Data entries:
-- -- --

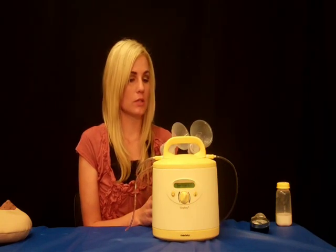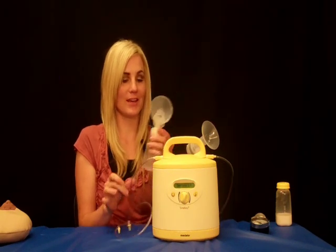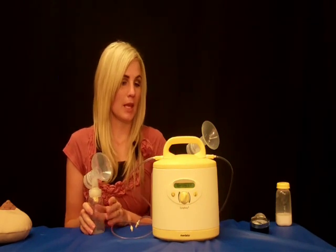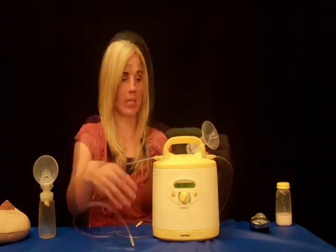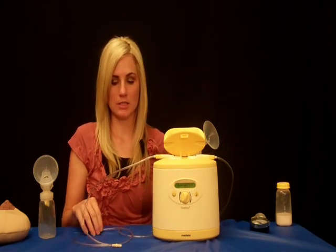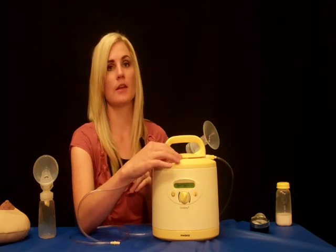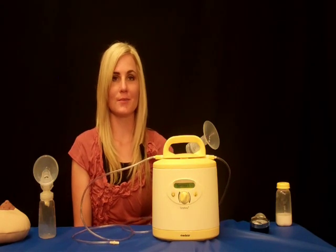After you have completed pumping and it is time to clean, make sure that every time, anything that has touched the milk, you clean it with hot soapy water. It can also be boiling water or dishwasher. If you do have milk that goes inside the tubing, you want to make sure you wash that. The way you air dry the tubing is quite simple — after you have steamed it, boiled it, or cleaned it in hot soapy water, you simply place it back in and turn on the pump for two to three minutes and it will dry it. Make sure that before you store any pieces, it is completely dry. You don't want to store any wet pieces.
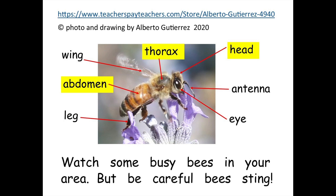Watch some busy bees in your area, but be careful. Bees sting.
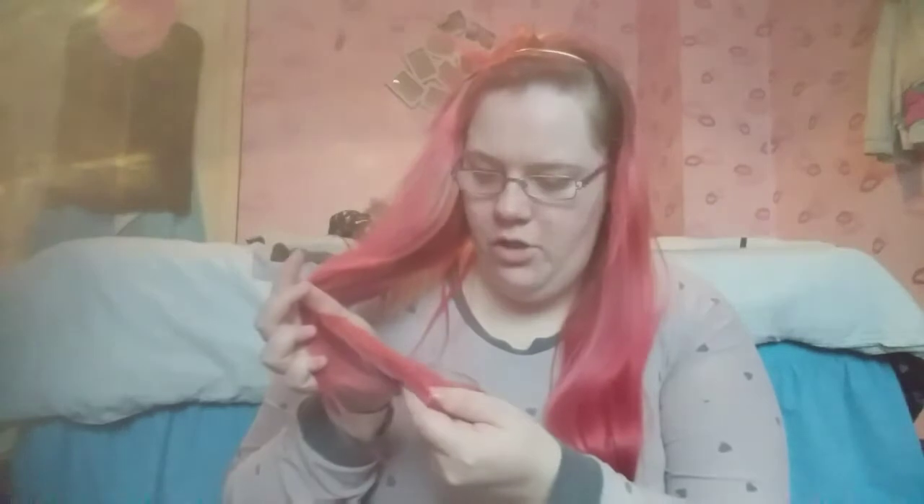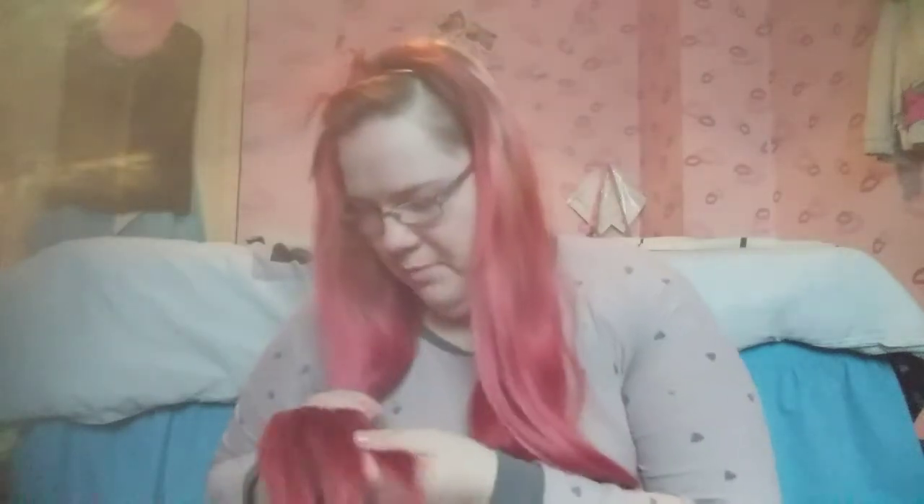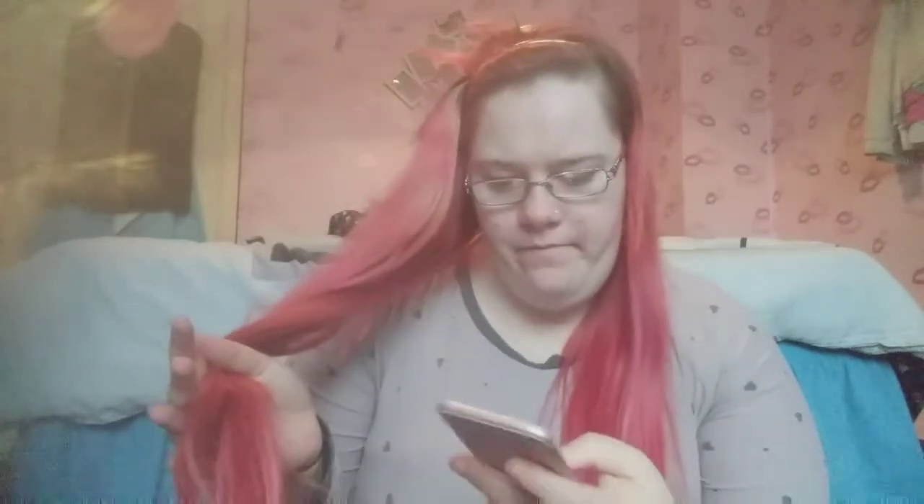The colour on screen isn't actually what it looks like in real life — it's more of a rose gold, more rose than gold. On camera it's showing like a really fuchsia red-pink, but it's actually more of a copper kind of pink. Let me take a picture to show you.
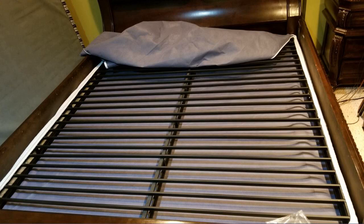I had my doubts but I'm very glad I got this to replace my split king foundation. Now I have a solid single piece foundation that is better than my name brand bed frame that it replaced.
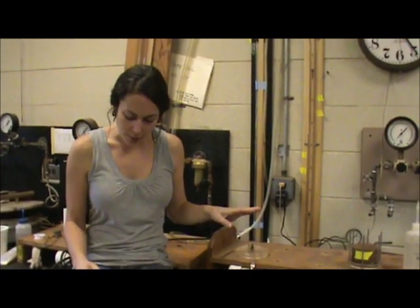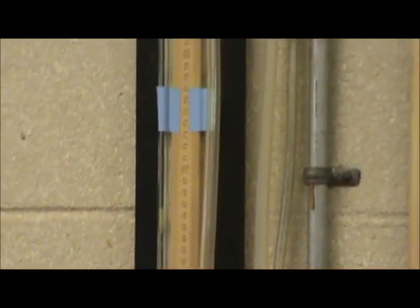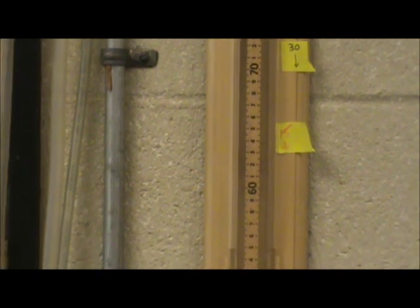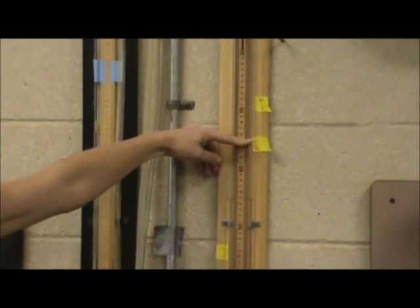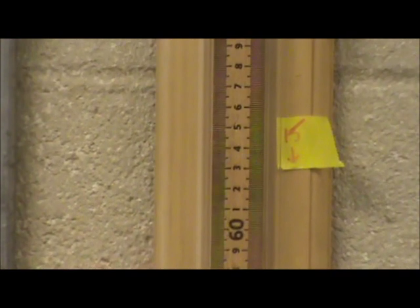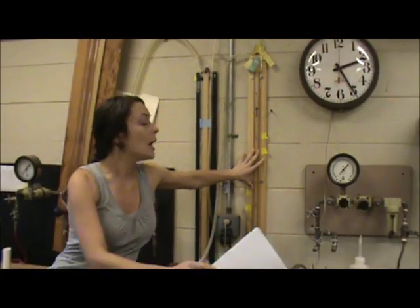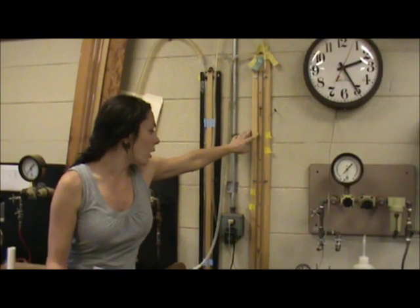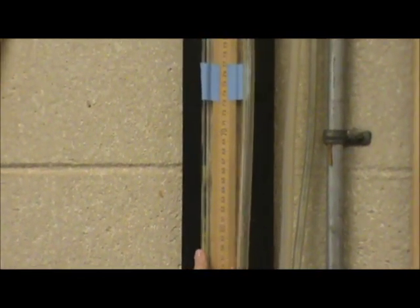Now I'll explain the pressure manifold. Right here we have water, and over here we have mercury. We're going to use the water to measure the lower pressures — at 0.015 bar and at 0.029 bars — which corresponds to 15 centimeters of water and 30 centimeters of water. We'll put the setting on 15 centimeters and continually take weights until we have one stable weight, then change to 30 centimeters and do the same thing. From there, we'll move over to the mercury, which will be used for the 0.09 bar and the 0.18 bar pressure settings.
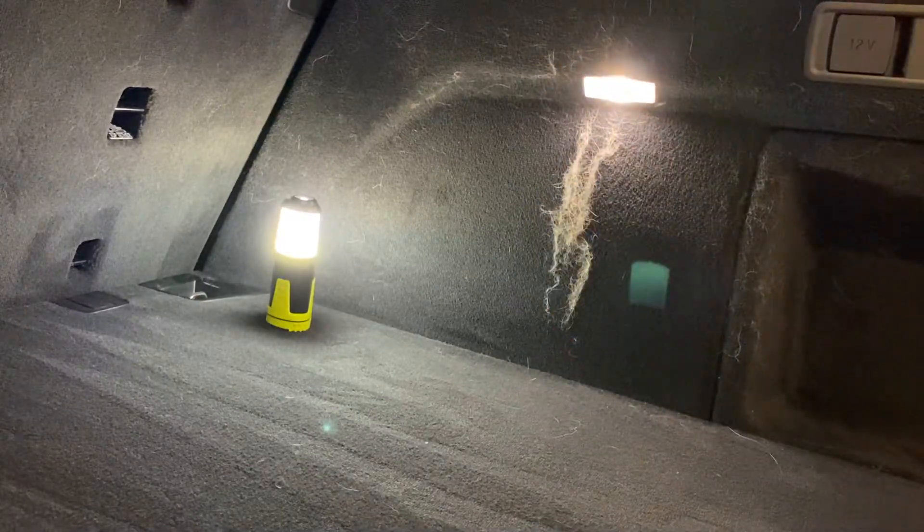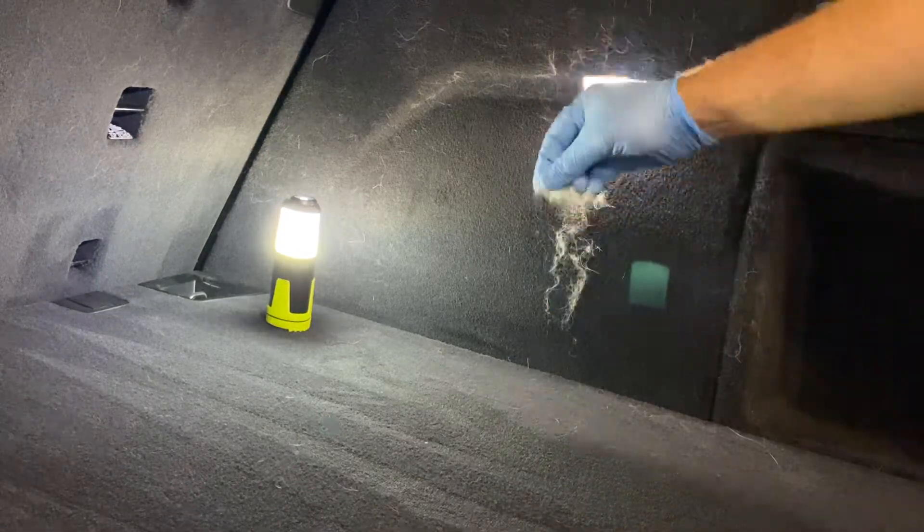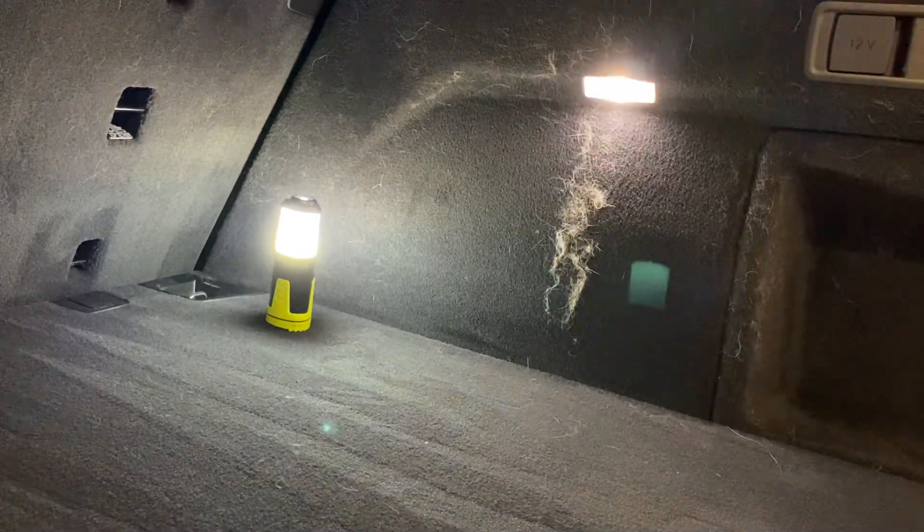I didn't hit this side with the vacuum yet, but as you can see, it pushes them all together, and you could just take them off, or you could obviously use your vacuum to get rid of them. This side I already did, so you guys can see it's squeaky clean.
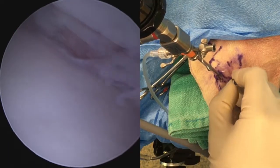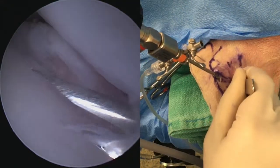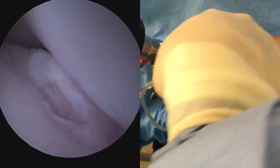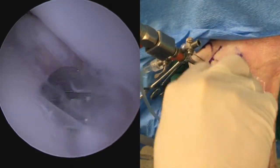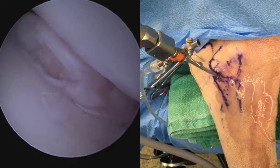We now create the instrument port, approximately 1 to 1.5 centimetres cranial to the scope port. This is done in the traditional manner with a needle first to confirm placement, then with an 11 blade, expanding that hole with a pair of straight mosquito hemostats to create a nice wide channel for the instrument port.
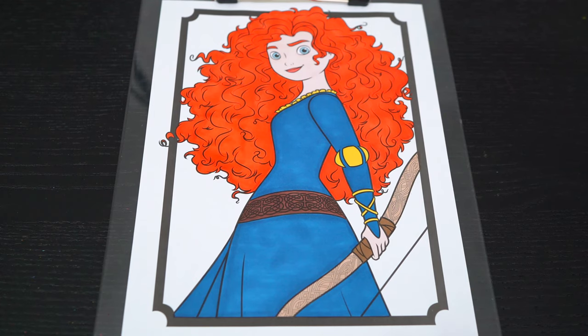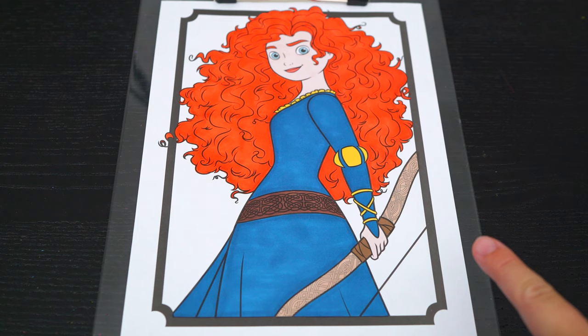Okay, now I'm all finished coloring in Merida. Now let's just color in the background behind her a greenish blue.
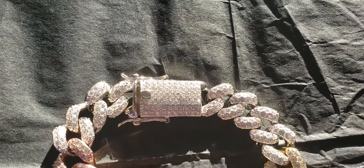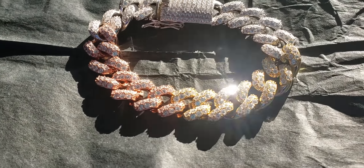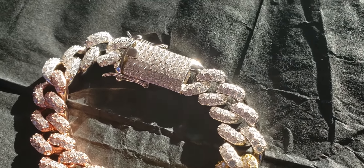This is the 15mm 8.5 solid silver tricolor Cuban link bracelet. This is the natural sunlight test.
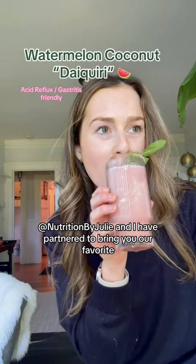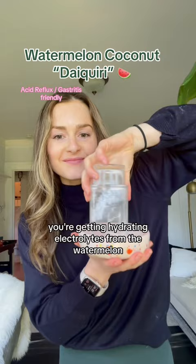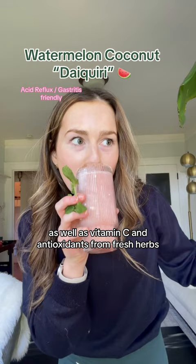Nutrition by Julie and I have partnered to bring you our favorite gut healthy mocktails for the summer. This one is my frozen watermelon coconut daiquiri — it's acid reflux and gastritis friendly. You're getting hydrating electrolytes from the watermelon, as well as vitamin C and antioxidants from fresh herbs. The coconut is super refreshing and helps to balance blood sugars. I know you're gonna love this one — full recipe below, enjoy!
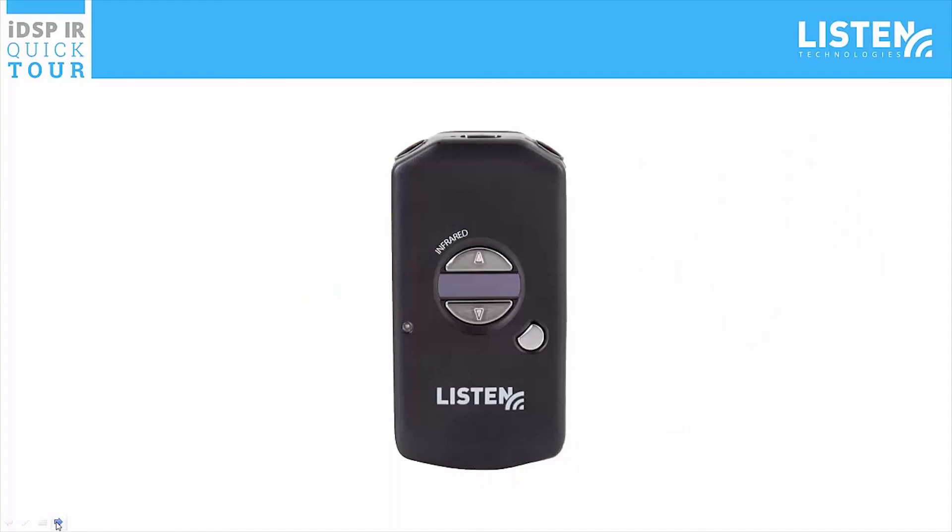Thank you for watching the quick tour of the IDSP IR receiver. Remember that Listen Technologies is the only comprehensive provider of all assistive listening solutions that meet legislative compliance requirements including RF, IR, and hearing loop.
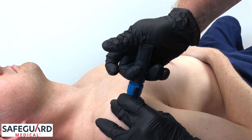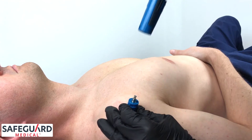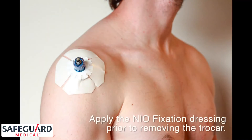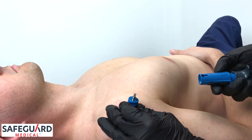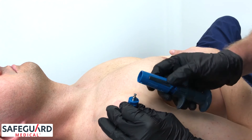Once the neo has deployed, remove the device while leaving the stabilizer base in place. The trocar can now be removed either by hand or utilizing the trocar removal notch.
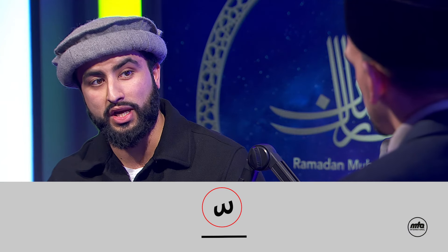Tashdeed in English is stressing — stressing something, emphasising, just like you said. Mushaddad means hardened. So a letter with a shadda on top is called a mushaddad letter. And this sign signifies a letter being pronounced twice, so the aspect of emphasising comes from here.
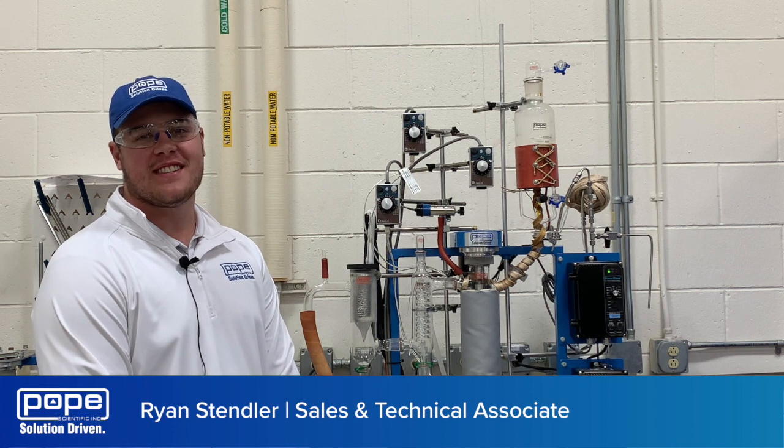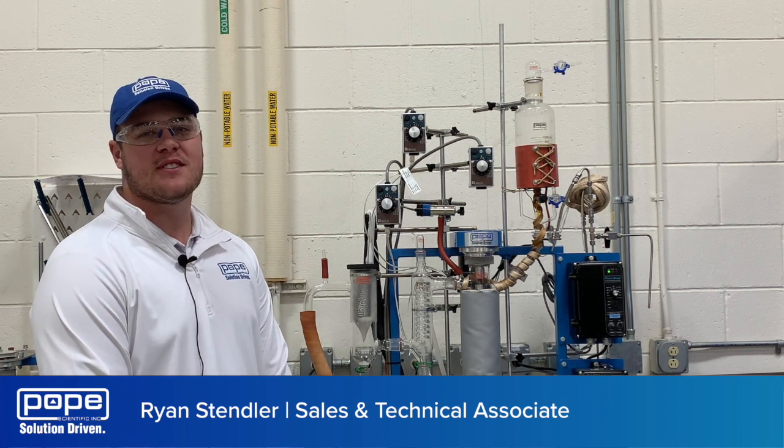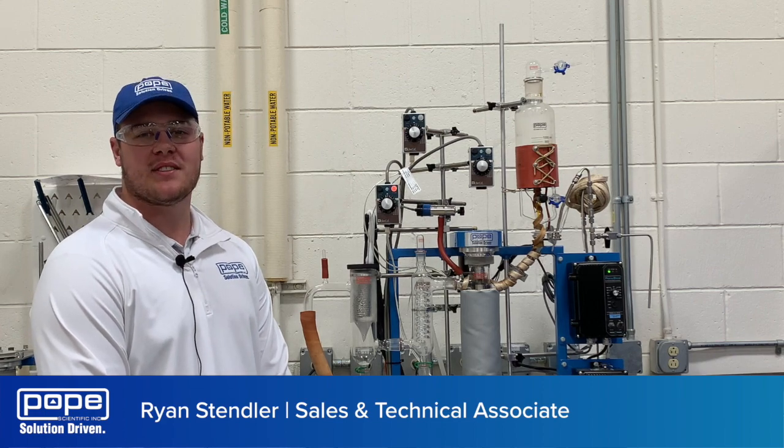Hi, I'm Ryan Stendler, Sales and Technical Associate here at Pope Scientific. Today I'm going to be showing you first and second pass on our Pope 2-inch white film molecular still.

-- -- --

Print exactly the lines from the one containing "Tashdeed in English" through the last line of the records, both included, and leave out the pictures.

Written response —
Tashdeed in English is stressing — stressing something, emphasising, just like you said. Mushaddad means hardened. So a letter with a shadda on top is called a mushaddad letter. And this sign signifies a letter being pronounced twice, so the aspect of emphasising comes from here.
Hi, I'm Ryan Stendler, Sales and Technical Associate here at Pope Scientific. Today I'm going to be showing you first and second pass on our Pope 2-inch white film molecular still.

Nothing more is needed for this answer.